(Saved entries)
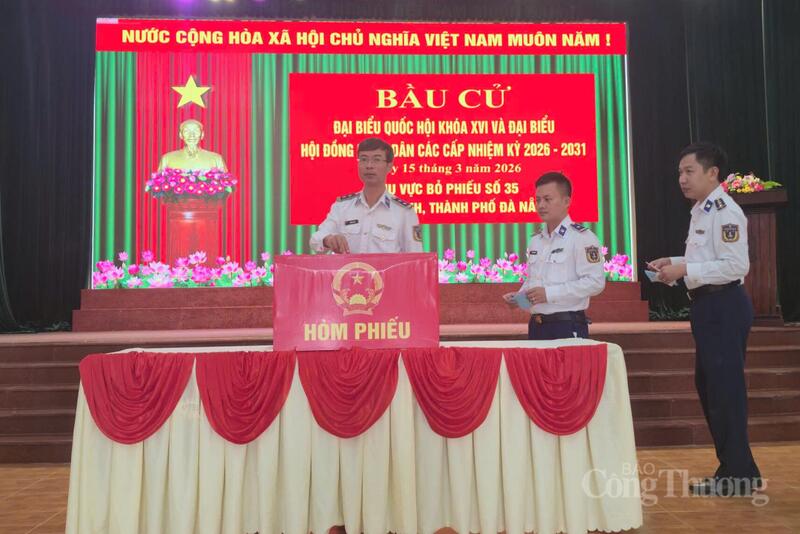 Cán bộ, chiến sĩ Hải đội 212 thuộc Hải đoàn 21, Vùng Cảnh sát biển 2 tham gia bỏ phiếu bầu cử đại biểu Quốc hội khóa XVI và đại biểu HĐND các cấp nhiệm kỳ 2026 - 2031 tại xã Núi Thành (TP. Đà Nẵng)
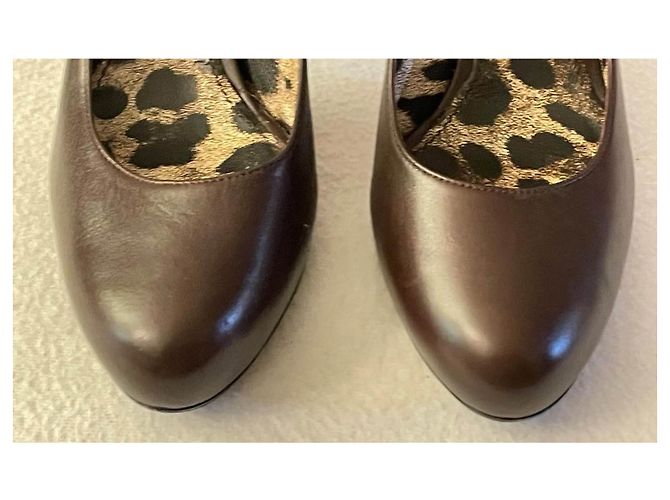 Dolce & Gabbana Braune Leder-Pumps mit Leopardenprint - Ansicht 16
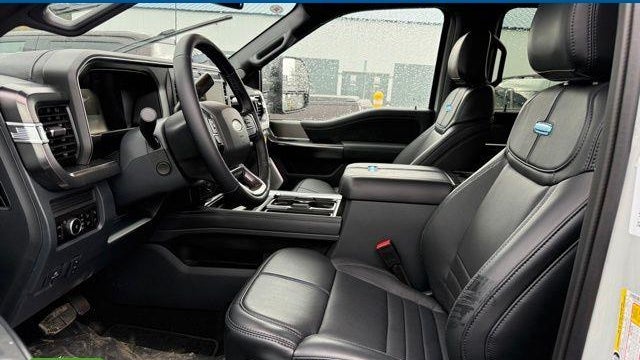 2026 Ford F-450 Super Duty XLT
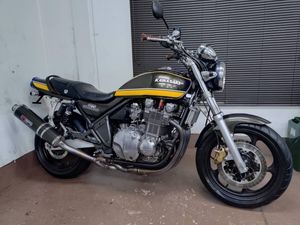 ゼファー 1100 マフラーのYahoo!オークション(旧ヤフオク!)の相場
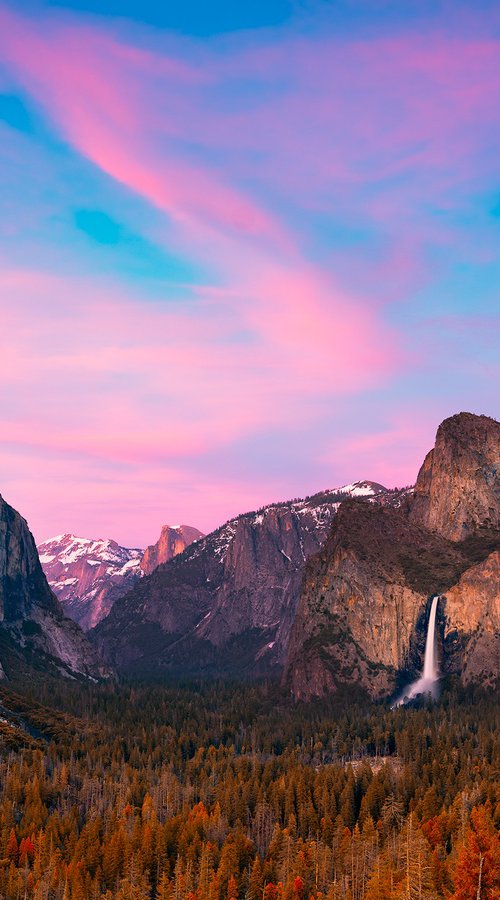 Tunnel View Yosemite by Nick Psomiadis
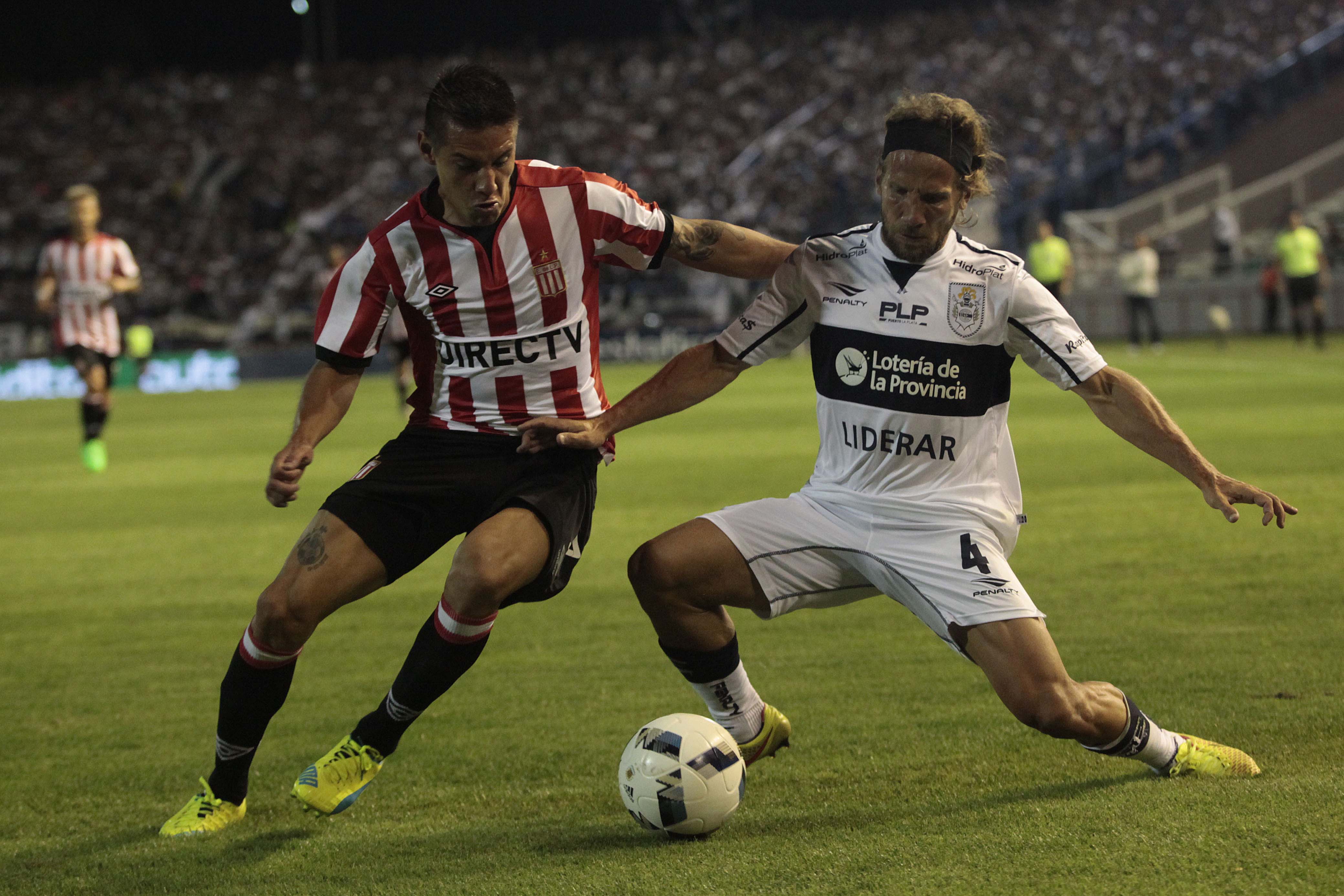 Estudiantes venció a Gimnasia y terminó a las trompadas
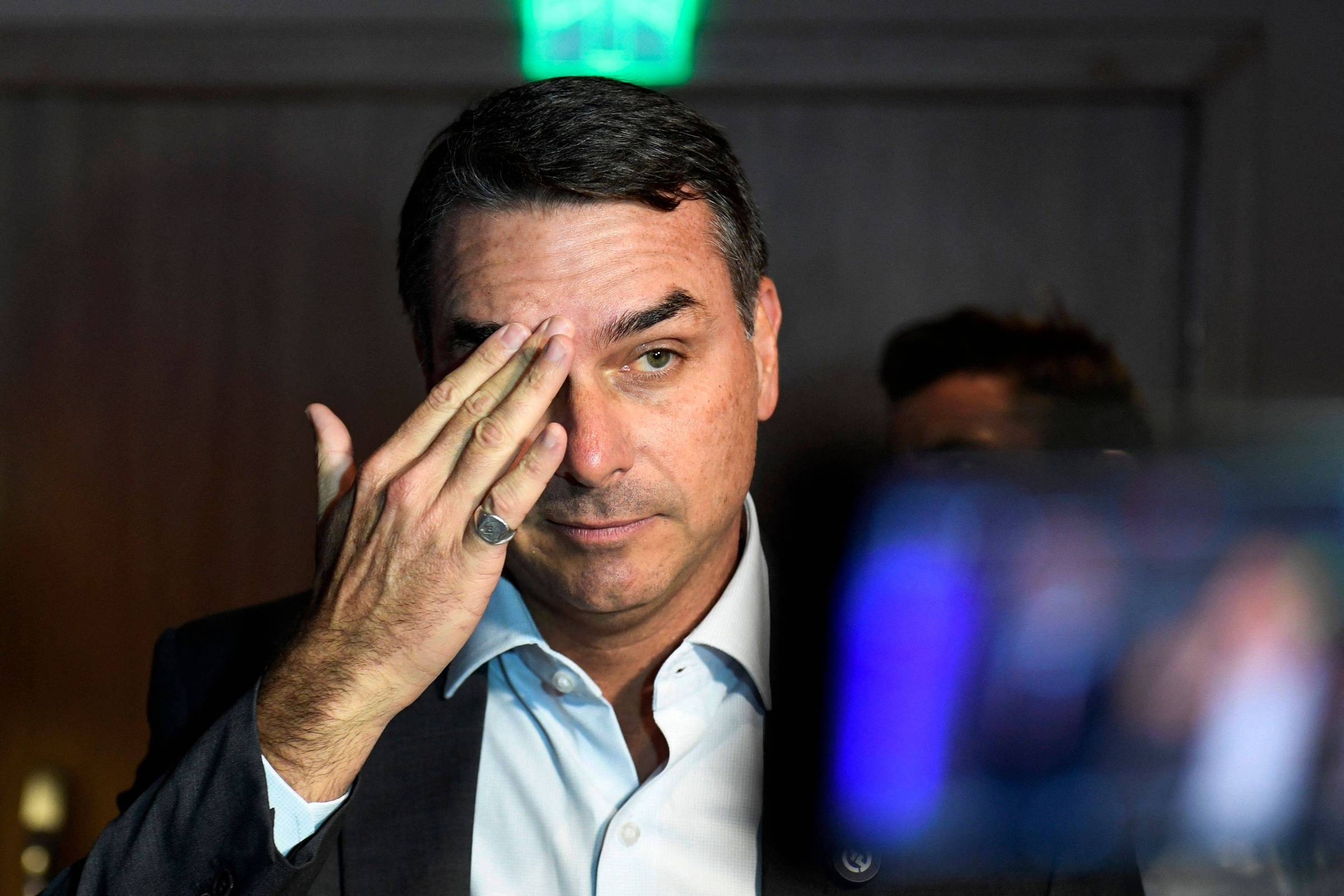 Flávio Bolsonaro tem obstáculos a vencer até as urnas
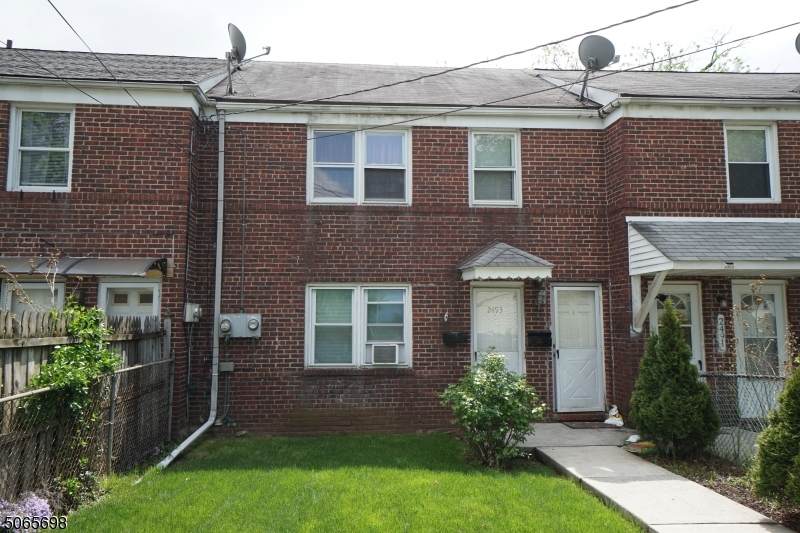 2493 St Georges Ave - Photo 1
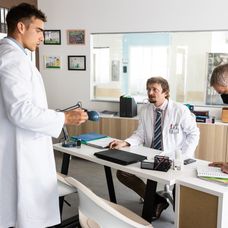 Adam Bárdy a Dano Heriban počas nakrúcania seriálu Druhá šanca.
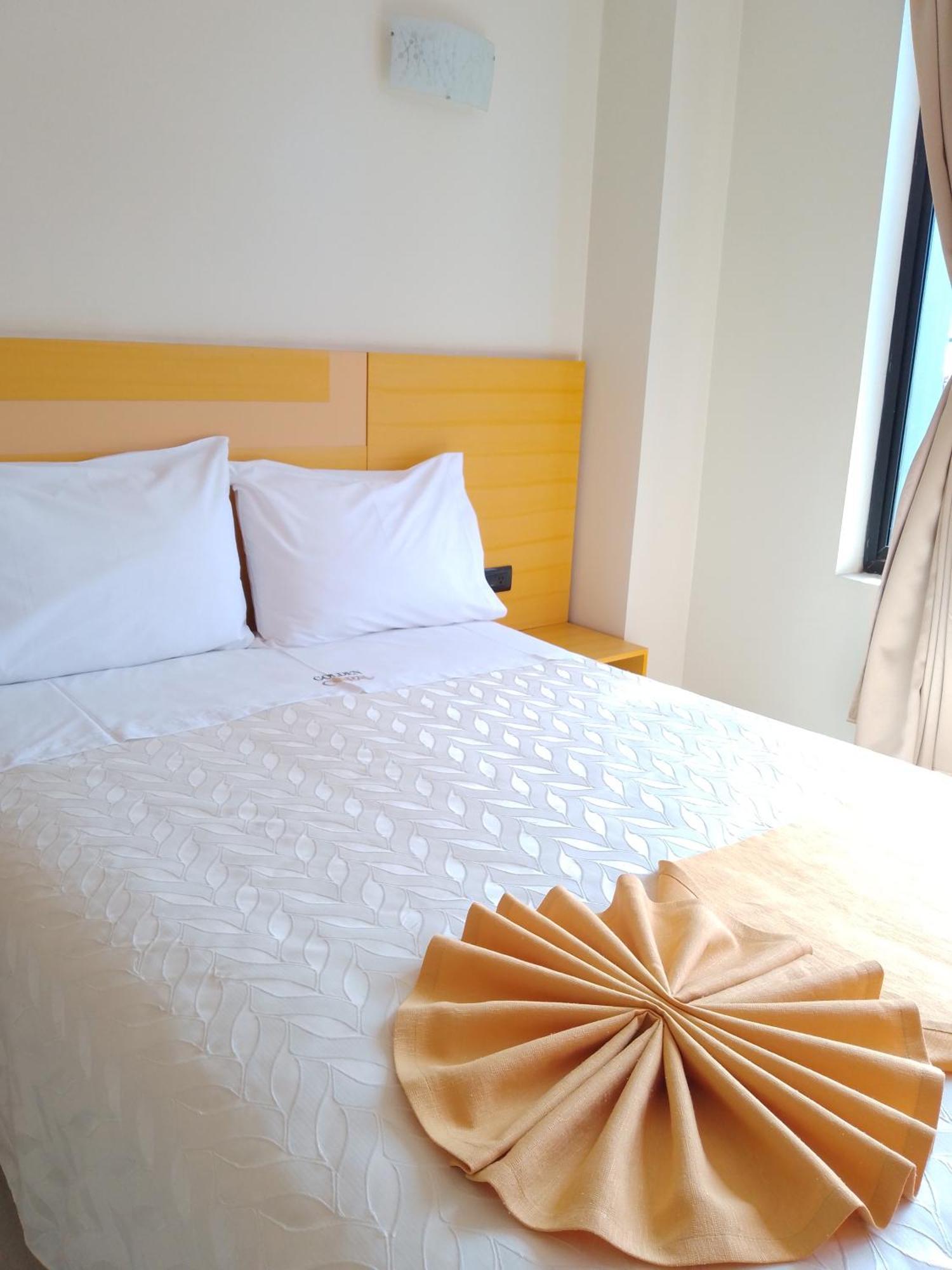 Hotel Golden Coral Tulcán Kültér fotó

### Goal of the exercise
Your answer must be exactly the lines from the one with "Tunnel View Yosemite by Nick Psomiadis" through the last line of the entries, both included, with no pictures; please add nothing else.

### Task result
 Tunnel View Yosemite by Nick Psomiadis
 Estudiantes venció a Gimnasia y terminó a las trompadas
 Flávio Bolsonaro tem obstáculos a vencer até as urnas
 2493 St Georges Ave - Photo 1
 Adam Bárdy a Dano Heriban počas nakrúcania seriálu Druhá šanca.
 Hotel Golden Coral Tulcán Kültér fotó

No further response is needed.